For more information on working with vector data, see:
Sample syntax
The usage syntax for the vector type is similar to all other SQL Server data types in a table.
column_name VECTOR( {<dimensions>} ) [NOT NULL | NULL]
Dimensions
A vector must have at least one dimension. The maximum number of dimensions supported is 1998.
Examples
A. Column definition
The vector type can be used in column definition contained in a CREATE TABLE
statement, for example:
The following example creates a table with a vector column and inserts data into it.
CREATE TABLE dbo.vectors
(
id INT PRIMARY KEY,
v VECTOR(3) NOT NULL
);
INSERT INTO dbo.vectors (id, v) VALUES
(1, '[0.1, 2, 30]'),
(2, '[-100.2, 0.123, 9.876]');
SELECT * FROM dbo.vectors;
B. Usage in variables
The following example declares vectors using the new vector data type and calculates distances using the VECTOR_DISTANCE
function.
The vector type can be used with variables:
DECLARE @v VECTOR(3) = '[0.1, 2, 30]';
SELECT @v;
C. Usage in stored procedures or functions
The vector data type can be used as parameter in stored procedure or functions. For example:
CREATE PROCEDURE dbo.SampleStoredProcedure
@V VECTOR(3),
@V2 VECTOR(3) OUTPUT
AS
BEGIN
SELECT @V;
SET @V2 = @V;
END
Feature availability
The new vector type is available under all database compatibility levels.
Compatibility
To allow all clients to be able to operate on vector data, vectors are exposed as varchar(max) types. Client applications can work with vector data as if it was a JSON Array. The engine will automatically convert vectors to and from a JSON array, making the new type transparent for the client. Thanks to this approach all drivers and all languages are automatically compatible with the new type.
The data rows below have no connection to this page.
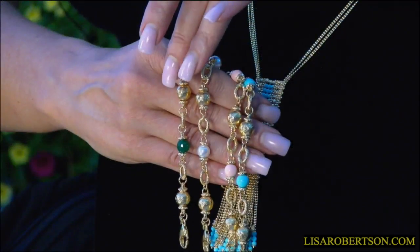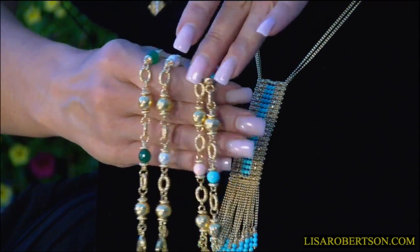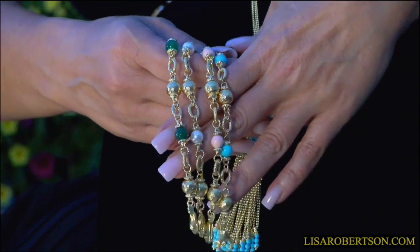It's going to be available in small, average, or large. And it's your choice of that green agate, that beautiful pearl, the coral — which is a pink coral — or that beautiful, beautiful turquoise.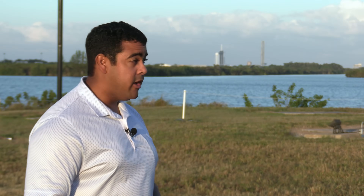SpaceX took a big leap forward with its ability to launch both crew and cargo missions from here in the state of Florida. Right now it only has that ability from one launch pad, here at Launch Complex 39A at NASA's Kennedy Space Center.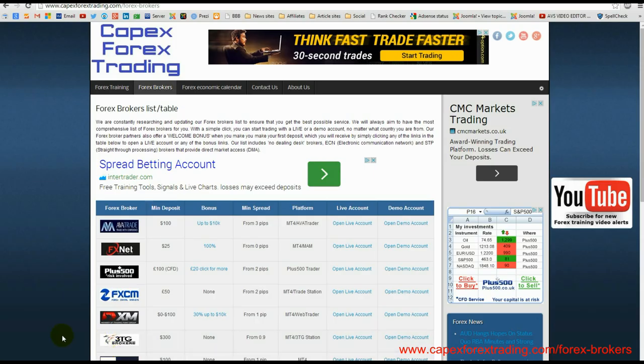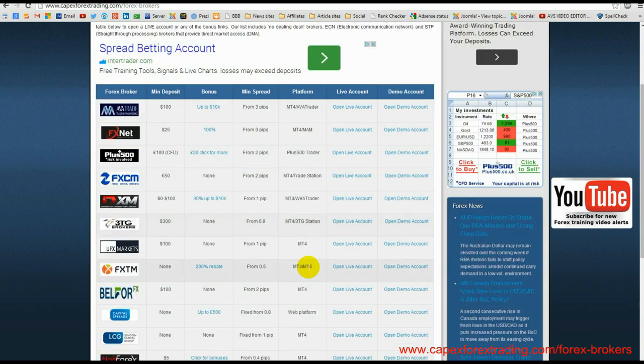To make it easier for you, on our website we've provided a list of forex brokers to choose from. Go to capexforextrading.com and click the forex brokers tab — you'll see a table listing various brokers that we've approved. Each broker has a link to open a live or demo account, so have a play around and find a broker that's suitable for you. That concludes this lesson — if you'd like to follow us on our YouTube channel, Facebook, Twitter, LinkedIn, or Google Plus, that would be fantastic. We'll see you for the next lesson, thanks.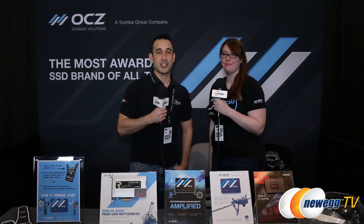Hey everybody, we've made our way to the OCZ booth today at PAX East 2015, and next to me I have Sarah from OCZ. How's it going, Sarah?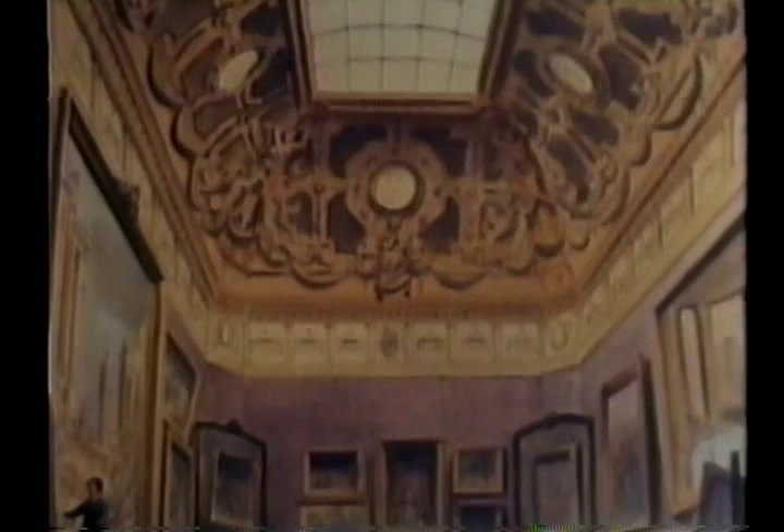The Napoleonic splendor of the Louvre lasted for 12 years. To Napoleon, every work of genius must belong to France. It was a point of view not wholeheartedly shared by the Germans, Italians, Spanish, and Dutch.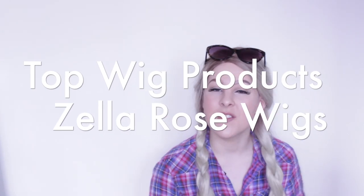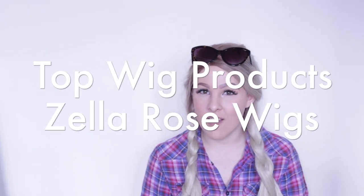Hello, I'm Katie Jo and I am the owner of Zelleros Wigs and the author of the Diary of a Bold Girl blog.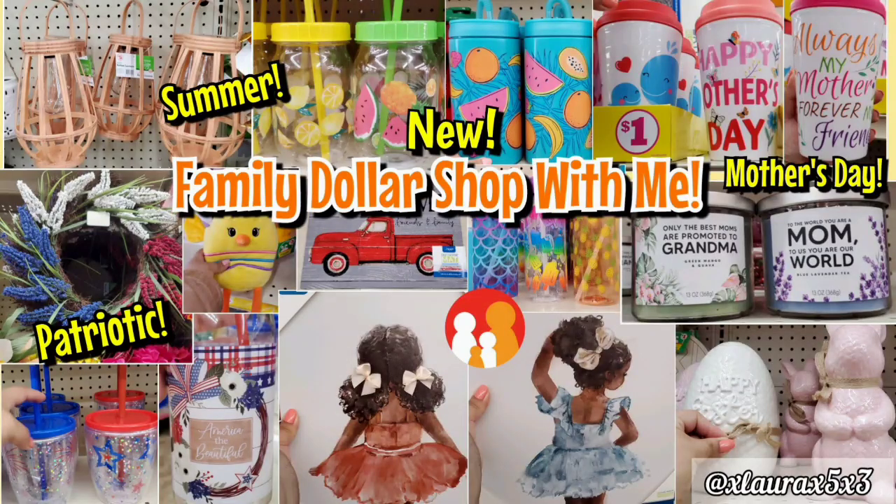Hi everyone, welcome back. So this time we are visiting Family Dollar. It's been a while, so let's see what new items they have added since the last time we visited.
You can start to use the new vector type right away. Here's some examples:
With C#, vectors can be serialized and deserialized to and from string using the JsonSerializer
class.
using Microsoft.Data.SqlClient;
using Dapper;
using DotNetEnv;
using System.Text.Json;
namespace DotNetSqlClient;
class Program
{
static void Main(string[] args)
{
Env.Load();
var v1 = new float[] { 1.0f, 2.0f, 3.0f };
using var conn = new SqlConnection(Env.GetString("MSSQL"));
conn.Execute("INSERT INTO dbo.vectors VALUES(100, @v)", param: new {@v = JsonSerializer.Serialize(v1)});
var r = conn.ExecuteScalar<string>("SELECT v FROM dbo.vectors") ?? "[]";
var v2 = JsonSerializer.Deserialize<float[]>(r);
Console.WriteLine(JsonSerializer.Serialize(v2));
}
}
Limitations
The ongoing preview has the following limitations:
Tables
- Column-level constraints are not supported, except for
NULL
/NOT NULL
constraints.DEFAULT
andCHECK
constraints are not supported for vector columns.- Key constraints, such as
PRIMARY KEY
orFOREIGN KEY
, are not supported for vector columns. Equality, uniqueness, joins using vector columns as keys, and sort orders do not apply to vector data types. - There is no notion of uniqueness for vectors, so unique constraints are not applicable.
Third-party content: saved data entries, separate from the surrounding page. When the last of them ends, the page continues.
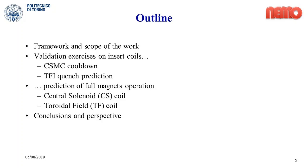Let's start with a few words about the content of this pitch. First, a brief introduction about the framework and the scope of the work, then moving to the key results in terms of the outcomes of some validation exercises and the results of some predictive simulations on the operation of the ITER magnets. Finally, some conclusions and perspectives.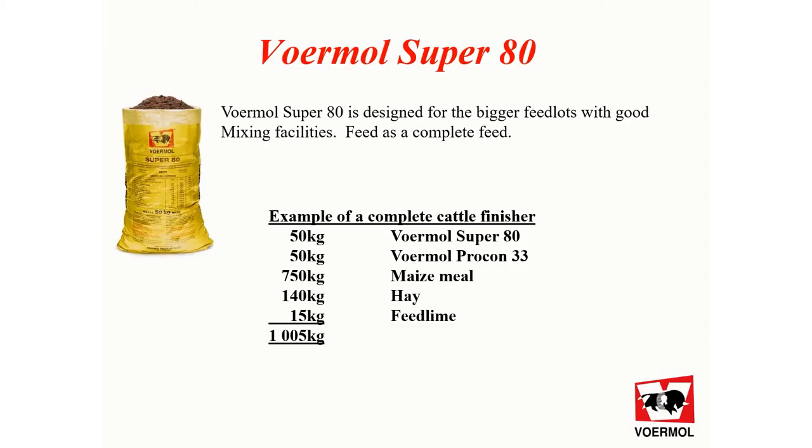On the screen there's an example of the grower or finisher ration, where you mix one bag of Super80 with one bag of Procon 33, 750 kilograms of maize meal, 140 kilograms of hay, and 15 kilograms of feedlot salt. That gives a ton mixture.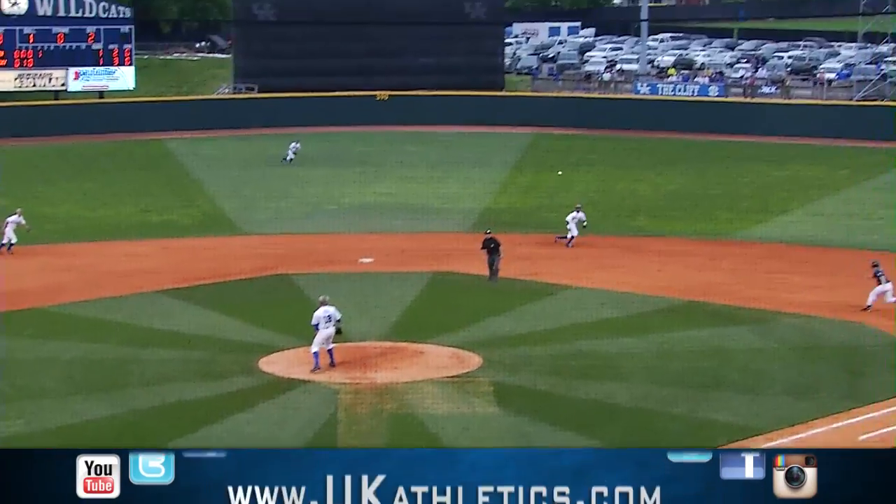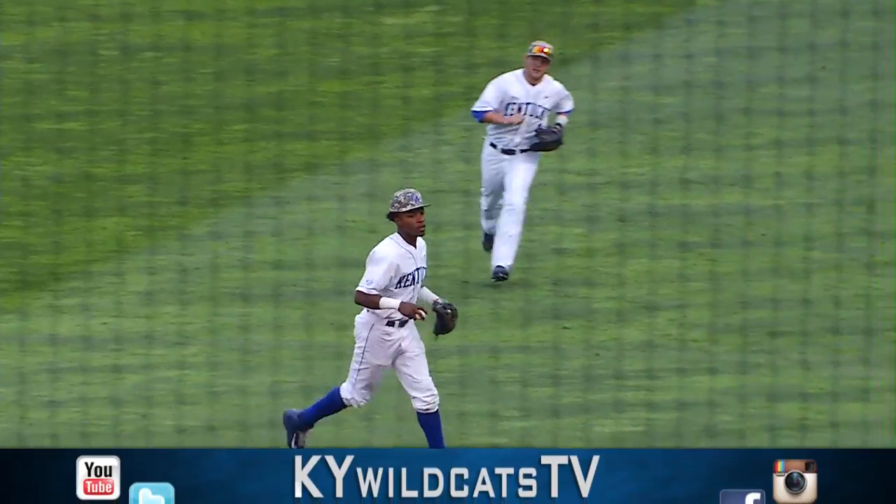Here's the 1-0, that ball lined at second and Shelby on the back edge of the infield will make the play.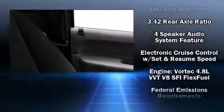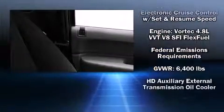Top features include power windows, one-touch window functionality, variably intermittent wipers, fully automatic headlights, a trailer hitch, and remote keyless entry.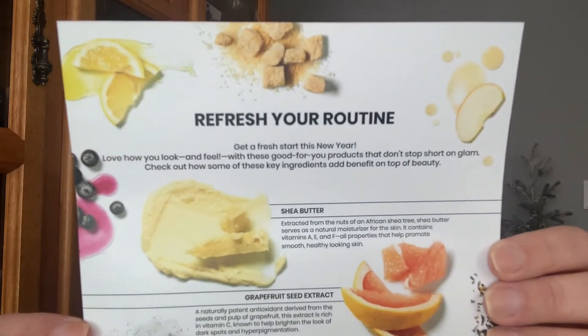Let me know what your thoughts are on your boxes as well if you subscribe. This is the pamphlet this month — it says 'A Better Beauty,' which is super cute and very refreshing. It says 'Refresh your routine, get a fresh start this new year, love how you look and feel with these good-for-you products that don't stop short of glam.' Key ingredients highlighted include shea butter, grapefruit seed extract, kaolin clay, jojoba seed, and bamboo charcoal. You can pause to read if you'd like.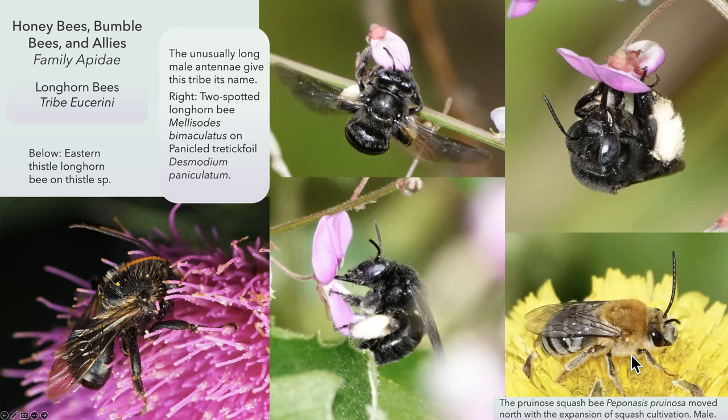The squash bees kind of moved into our area with the expansion of squash farming, probably several hundred years ago as Native Americans brought them here. According to my notes, the squash bee flies very early in the morning — they're up before dawn. That's because squash flowers open at dawn and by 10 or 11 in the morning the blossoms close. The males will stay inside the squash blossoms, but the females have already done their pollinating very early in the morning.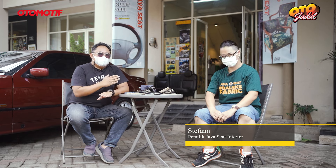Assalamualaikum warahmatullahi wabarakatuh. Salam jumpa lagi di channel Yoto Jadul. Kali ini saya ada di daerah Bekasi, tempatnya di daerah perumahan Galaksi. Saya mampir ke workshop interior namanya Javasit, bersama pemiliknya, Stefan.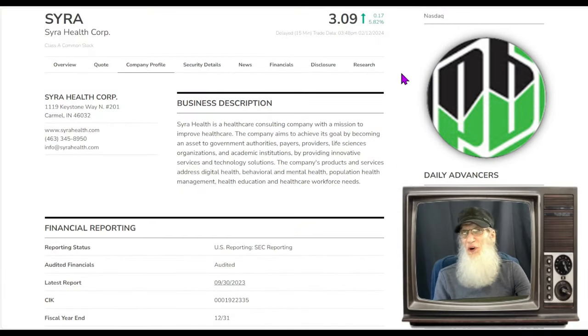I had a sneaky suspicion you were going to show up. I'm John Zadar. I am the host of On Top and Hot, and this is Monday, February 12th.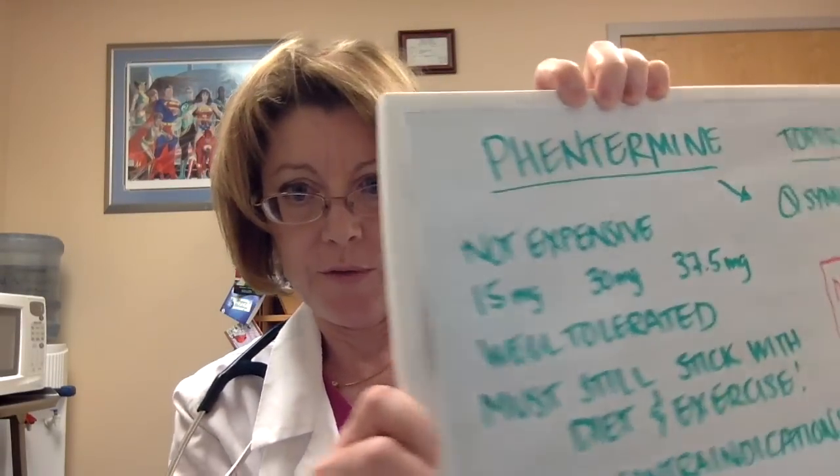Knee problems, hip problems, and low back problems are such a huge part of obesity — something people really don't think about. So protect your kids from having to deal with this later in life. Now, phentermine — everybody was quite interested in phentermine. Phentermine is pretty inexpensive and has been around for quite a long time. It comes in three doses: 15 milligrams, 30 milligrams, and 37.5 milligrams — that last dose was the initial one used in the fen-phen combination, which we talked about last time.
- Checking the range of values within a vector is also not applicable.
- Vectors do not support comparison, addition, subtraction, multiplication, division, concatenation, or any other mathematical, logical, and compound assignment operators.
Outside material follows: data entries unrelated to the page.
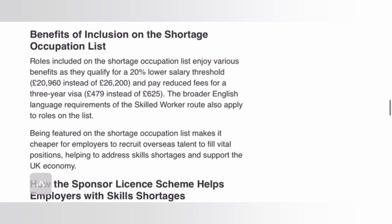In terms of the benefits of inclusion on the shortage occupation list: roles included on the list enjoy various benefits, as they qualify for a 20% lower salary threshold — that is £20,960 instead of £26,200. So if your occupation is on the shortage occupation list, a sponsor only needs to pay you a minimum of £20,960, whereas occupations not on the list require a minimum salary of £26,200.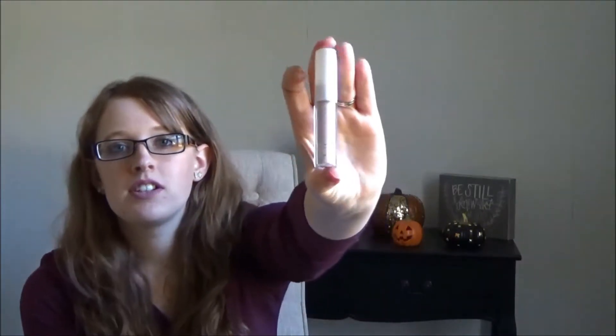Next is Blistex Deep Renewal Lip Balm, which I like to have under my lipstick or just on its own. I also have an elf concealer that I think I specifically bought for this bag. It works well for concealing but also doubles as an eyeshadow primer if I want to put on eyeshadow without a dedicated primer.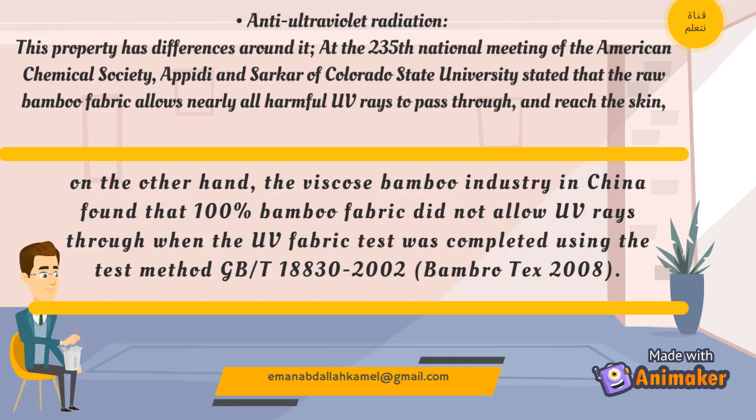On the other hand, the viscose bamboo industry in China found that 100% bamboo fabric did not allow UV rays through when the UV fabric test was completed using the test method GB-T18830-2002.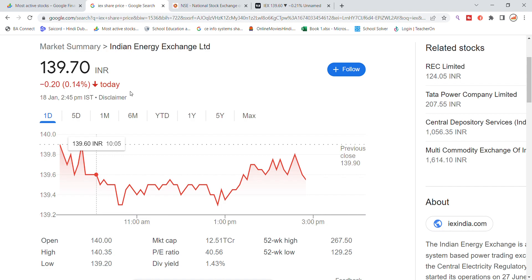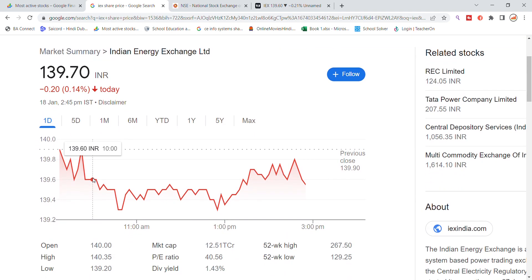The momentum here is bearish. The 140 level is acting as a resistance. The stock opened at the 140 level, which is also the previous closing strong resistance. This means very weak momentum is visible in Indian Energy Exchange stock this month, as 140 is an important level on the top of the stock.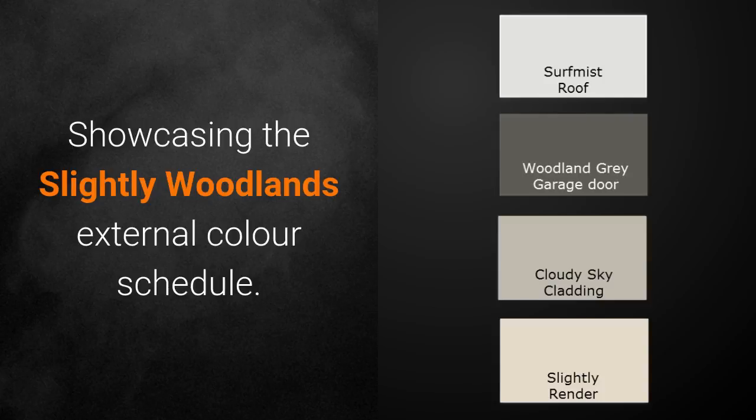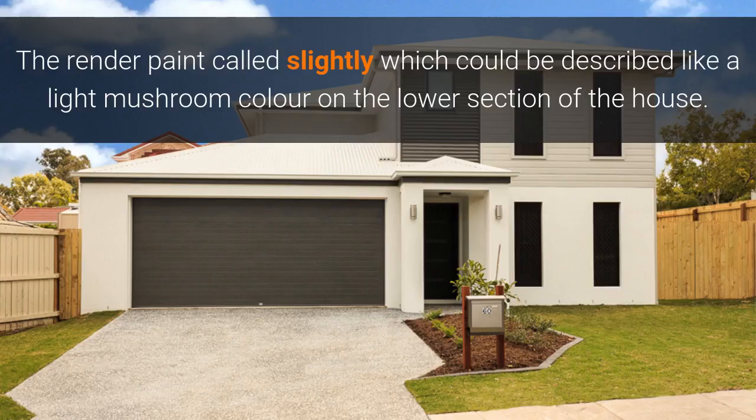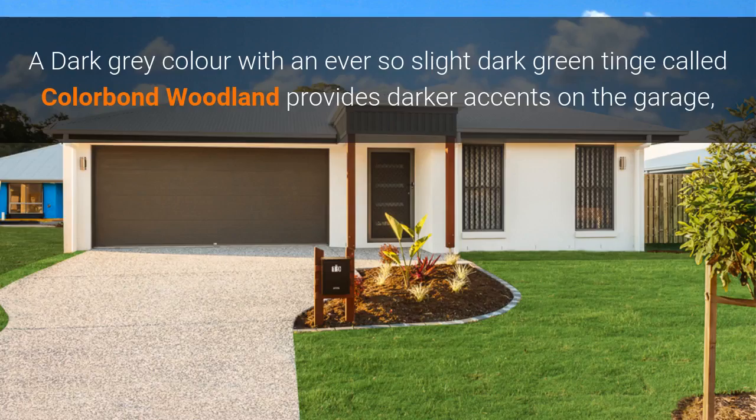Showcasing the Slightly Woodlands external colour schedule, offering a fresh light facade from the Colorbond Surf Mist roof and gutter. The render paint, called Slightly, can be described as a light mushroom colour on the lower section of the house.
- vector columns cannot be used in memory-optimized tables.
- Altering vector columns using
ALTER TABLE ... ALTER COLUMN
to other data types is not permitted.
Table schema metadata
sp_describe_first_result_set system stored procedure doesn't correctly return the vector data type. Therefore, many data access clients and driver see a varchar or nvarchar data type.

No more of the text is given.